Each line from the one with "a woman in a" through the final line of the entries below must be printed exactly, and the pictures must not be.

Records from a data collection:
____________________

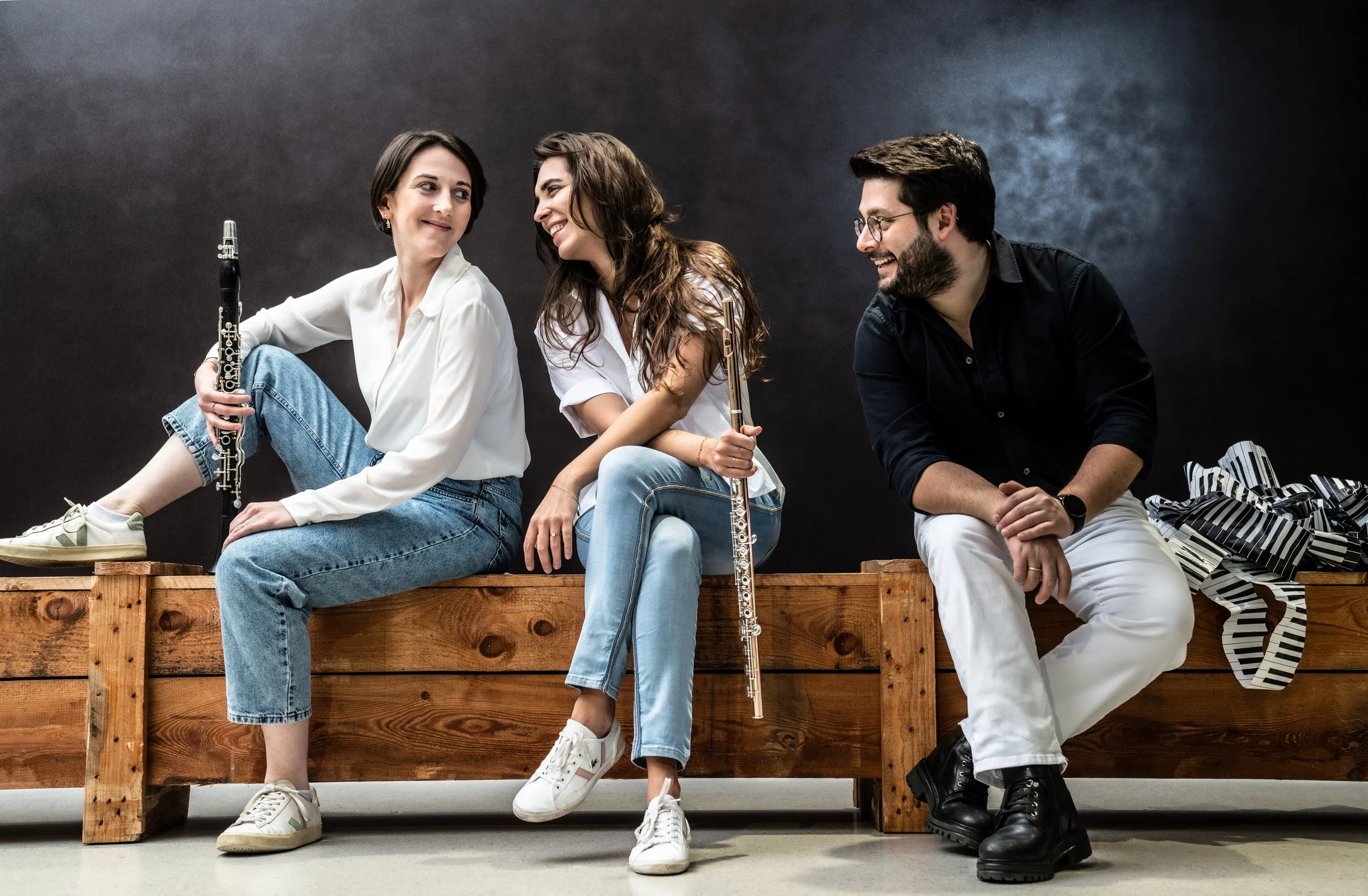 Three people sitting on a wooden bench, two women holding flutes, a man sitting beside them, all smiling and engaging in conversation against a dark background, with wrapped gifts nearby.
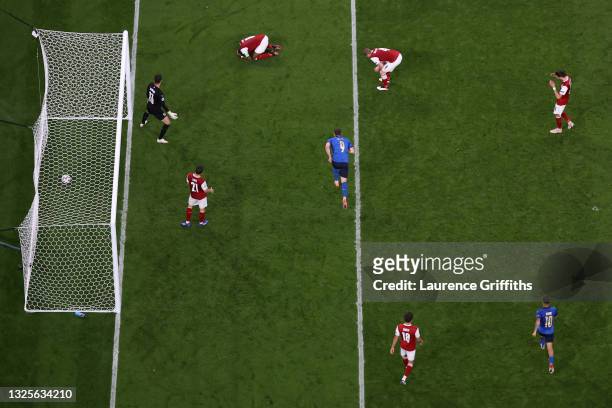 Daniel Bachmann, David Alaba, Martin Hinteregger and Florian Grillitsch of Austria look dejected after the Italy first goal scored by Federico Chiesa...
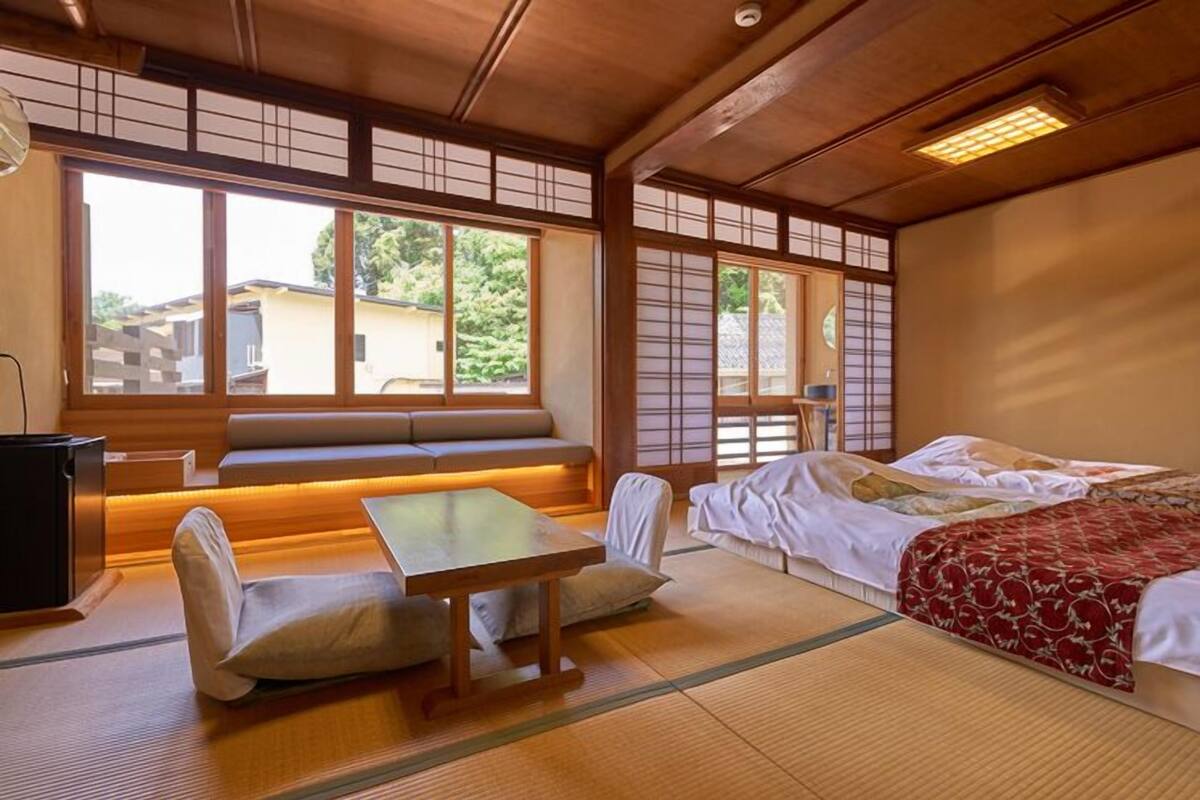 Ett traditionellt japanskt rum med tatamimattor på golvet, ett lågt bord, en soffa och en säng med ett rött, mönstrat överkast.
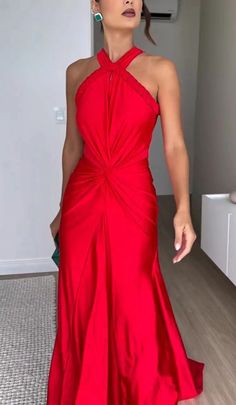 a woman in a red dress posing for the camera with her hand on her hip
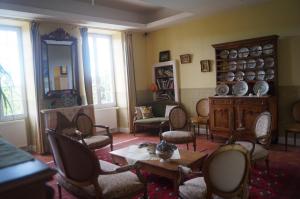 sala de estar con sillas, mesa y chimenea en Le Domaine de Rochefort, en Dissangis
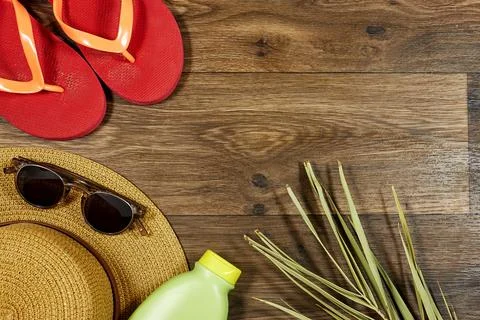 Summer Beach Essentials Featuring Flip-Flops, Straw Hat, and Sunglasses Stock Photos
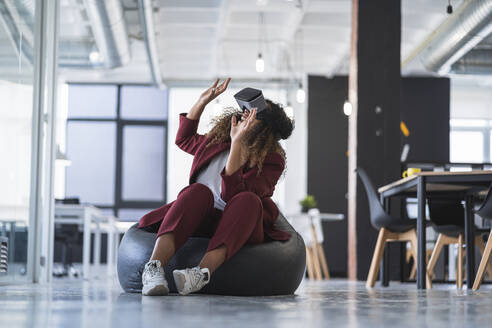 Businesswoman gesturing while using virtual reality simulator in office - SNF01260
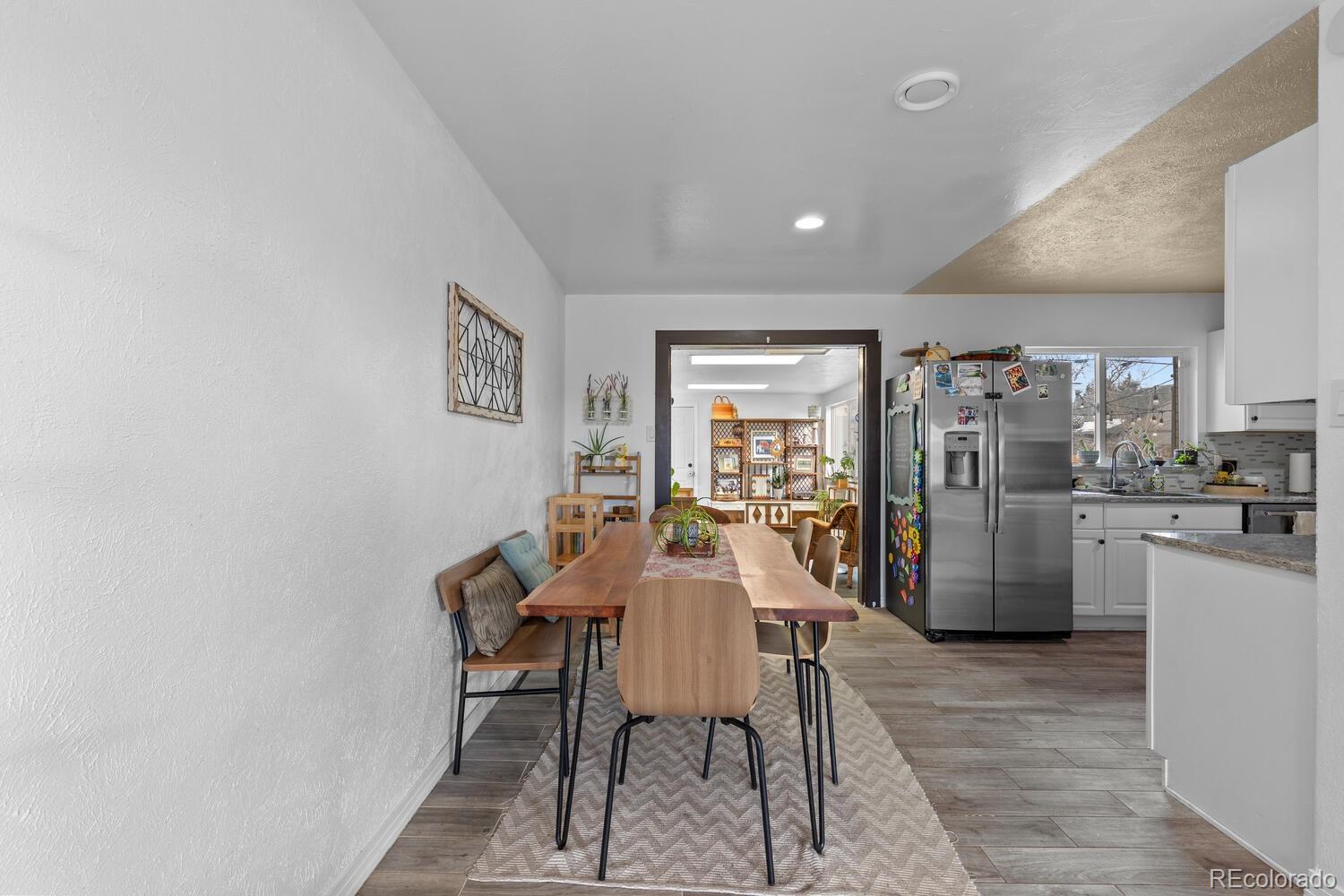 3106 South Wolff Street Denver, CO 80236 - Photo 11 of 48 a view of a dining room with furniture and a kitchen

____________________

RESULT BELOW:
 a woman in a red dress posing for the camera with her hand on her hip
 sala de estar con sillas, mesa y chimenea en Le Domaine de Rochefort, en Dissangis
 Summer Beach Essentials Featuring Flip-Flops, Straw Hat, and Sunglasses Stock Photos
 Businesswoman gesturing while using virtual reality simulator in office - SNF01260
 3106 South Wolff Street Denver, CO 80236 - Photo 11 of 48 a view of a dining room with furniture and a kitchen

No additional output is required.